Figure 3. Short periods of constant low values in waveform signals might have to be cut out. Left: original signal with a 0.5-second period of constant low values. Right: signal after cutting out the low value; as can be seen, the 2 ends of the signal fit perfectly. View this figureImplementation

Eventually, the pipeline for extracting and preprocessing all relevant EHR data must be implemented in the actual code. This can be challenging in many respects. First, it is tempting to make extensive use of technologies aimed at rapid prototyping (eg, Jupyter notebooks) to quickly experiment with the data and preprocess them for a particular use case in a particular hard-coded way. This might work well in the short term; however, in the long term, a structured modular codebase that allows the exchange of individual components and adjustment (and logging!) of configuration settings is the better approach. In particular, the logging of configuration settings is of utmost importance to know exactly how data were preprocessed and how models were generated, thereby obtaining reproducible results.

Second, pipelines implemented to process a specific data modality for a particular use case should be reusable in other use cases that depend on the same data modality, at least to a certain extent. Even if the desired output format of the data after preprocessing differs between the 2 use cases, there are almost certainly some steps in the pipeline that are applicable to both. Reusing existing functionality rather than reimplementing it enables a consistent treatment of data across use cases and as a side effect may even help to abstract from the peculiarities of one use case and implement preprocessing functionality in a more general way. For example, we used laboratory test results in each of the 5 use cases either as features or for assigning labels (or both). In use case 4, the last 3 measurements of a fixed set of laboratory parameters relative to a given point in time are used as features, whereas in use case 3, the last measured value of a certain parameter before a blood transfusion is compared with measurements after the transfusion to determine whether it incurred a complication. Both are special cases of the more general principle of finding the last or first n measured values before or after a given point in time and could hence be implemented in one common function.
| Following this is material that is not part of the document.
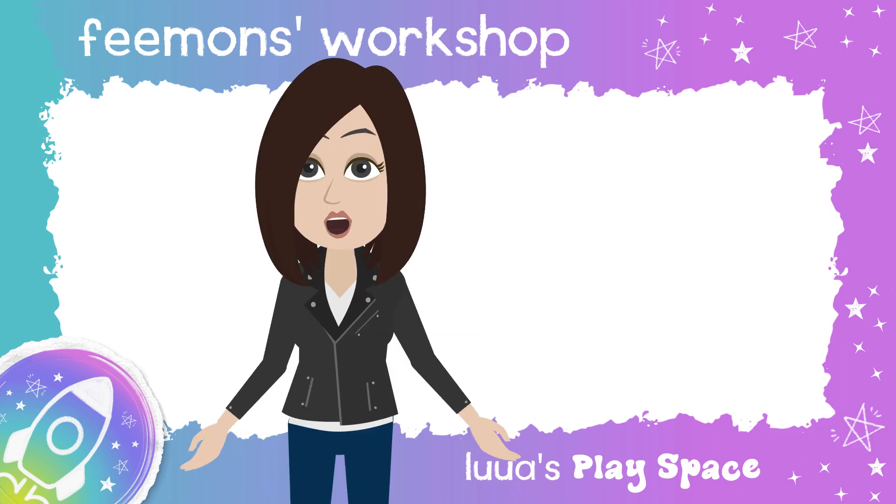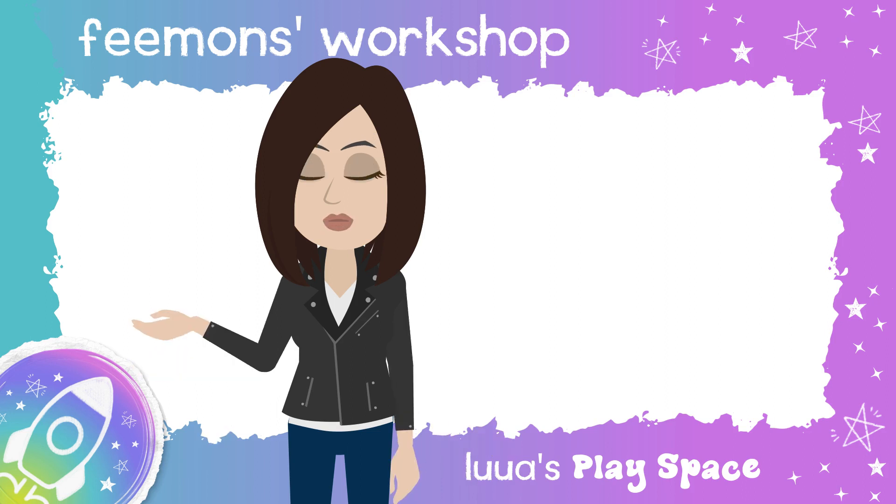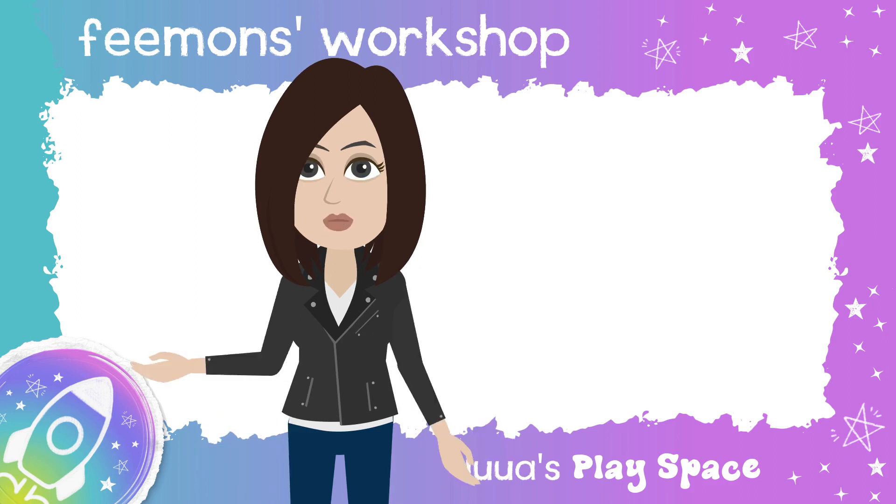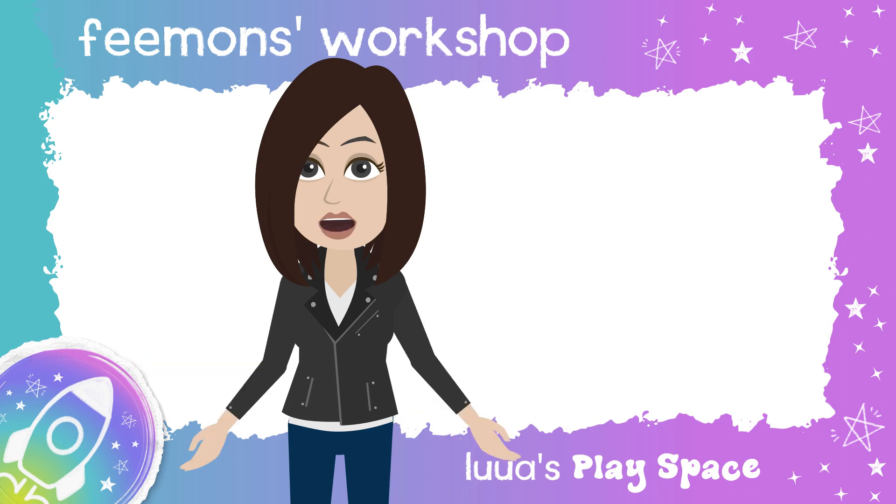Hey breathers, we're going to do some breathing together today to help our bodies feel good. You can use these special breaths anytime that you feel like you need some help feeling calm and good in your body.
Finally, the inclusion of general-purpose third-party tools in the data preparation pipeline clearly has its benefits as well as potential downsides. On the one hand, functionality implemented therein does not have to be reimplemented (nor tested) from scratch, but on the other hand, Sculley et al [] point out that it may lead to many glue code and pipeline jungles for bringing data into the right shape. In our project, we restricted ourselves to well-established libraries from the Python ecosystem, including NumPy [], Pandas [], and scikit-learn [] and deliberately avoided tools such as FIDDLE []. The former 3 are libraries of useful classes and functions that can be easily integrated into one’s own pipeline. The latter implements a full medical data preparation pipeline itself, which, although being generic and customizable in principle, did not offer the amount of flexibility we would have required to accommodate our data.
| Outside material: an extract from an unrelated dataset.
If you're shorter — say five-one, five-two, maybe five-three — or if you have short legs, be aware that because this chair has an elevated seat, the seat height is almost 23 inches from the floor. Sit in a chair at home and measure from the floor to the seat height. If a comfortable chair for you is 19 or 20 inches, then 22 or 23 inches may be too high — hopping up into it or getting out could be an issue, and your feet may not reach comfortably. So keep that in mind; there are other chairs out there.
More precisely, our data preparation pipeline consists of 3 main steps: harmonization, validation, and transformation. Harmonization, that is, ensuring that equivalent concepts are represented consistently, is very specific to each data modality and typically amounts to assigning unique names to equivalent variables and converting measured values into a common unit of measurement. Validation of recorded values happens with respect to manually specified, threshold-based rules. Analogous to Harutyunyan et al [], we distinguished between invalid numerical values and extreme outliers. Each validation rule is characterized by 2 ranges r1⊆r2, where everything inside r1 is deemed admissible and everything outside r2 is deemed an extreme outlier. Extreme outliers x∉r2 are deleted entirely, whereas the values x∈r2\r1 are set to the nearest admissible value in r1. Finally, transformation also depends on the specific data modality under consideration but is often concerned with resampling EHR tables in an event-based entity-attribute-value format into a more ML-friendly wide table format. This proceeds by aggregating all observations within a given time window with respect to a fixed set of rules, such as taking the mean, sum, or temporally last of all the measured values. If a variable has not been measured at all in a time window, the “missing” recordings are imputed. As other authors have noted [], clinical measurements are not missing at random; therefore, explicit missingness masks indicating whether a value has been imputed are added as extra features. In general, one must also be careful when imputing the mean or median of all observed values, as this could introduce bias. For example, if a variable is only measured if a patient has a certain condition, the measured values are not representative of the entire population.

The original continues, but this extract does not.